LITTLE ROCK, Ark.— On Thursday, Dennis Rainey, the man accused of hiring a crew to top nearly 100 trees on the Ouachita National Trail, spoke publicly about the incident for the first time during a special called meeting held by Central Arkansas Water. 

Officials with CAW said the goal of the meeting was to update their board members of the tree removal that happened on their property.

Some hikers who encountered the damage on the trail, expressed their concern to board members and said they would like to see Rainey prosecuted to the fullest extent of the law.

“It’s painful for me to be here today,” hiker Rhonda Patton said.

Patton says she hikes the Ouachita National Trail most days, however on Thursday, she spent the day at Central Arkansas Water, telling board members of the damage blocking her path.

“I spend a lot of time in the forest– I wish this tree cutting had never happened. I wish we weren’t here today,” she said.

The Pulaski County Sheriff’s Office has launched an investigation after they say Rainey, whose property backs up to the trail, illegally cut down trees sitting on the national trail.

Rainey says he has received threats from the public after the news broke last week.

“I have been in the public light for a long time and never have I ever experienced anything like this,” he said.

At the meeting on Thursday, Central Arkansas water presented a slide show showing an aerial view of the damage.

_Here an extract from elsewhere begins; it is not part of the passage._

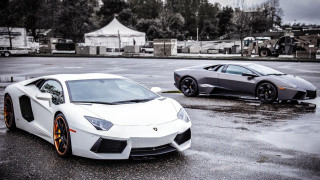 Two white sports cars rainy - free cars wallpaper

In the images, an engineer with CAW it was visible where the trees are sparse on their property as a result of Rainey’s actions.

Rainey, though, claims he did not know it was illegal to cut the trees.

“We felt like we had clear permission from an executive with Little Rock Water,” he told the board.

According to a spokesperson for CAW, however, Little Rock Water has not existed in decades.

“I think one of the things we can talk about going forward is communication between property owners and the water-shed,” Rainey said.

In the meeting, Rainey also admitted to topping trees off his property since the 1990s to create a window for a sunset view on Lake Maumelle. Now, hikers are hoping Central Arkansas Water will pursue legal ramifications.

“I implore you to do everything possible to make sure nobody thinks of doing something like this in the future,” Patton told CAW board members.

The attorney for Central Arkansas Water says they are going to wait to see how Rainey’s case plays out criminally. He added if they aren’t happy with the outcome, they will pursue the matter in civil court.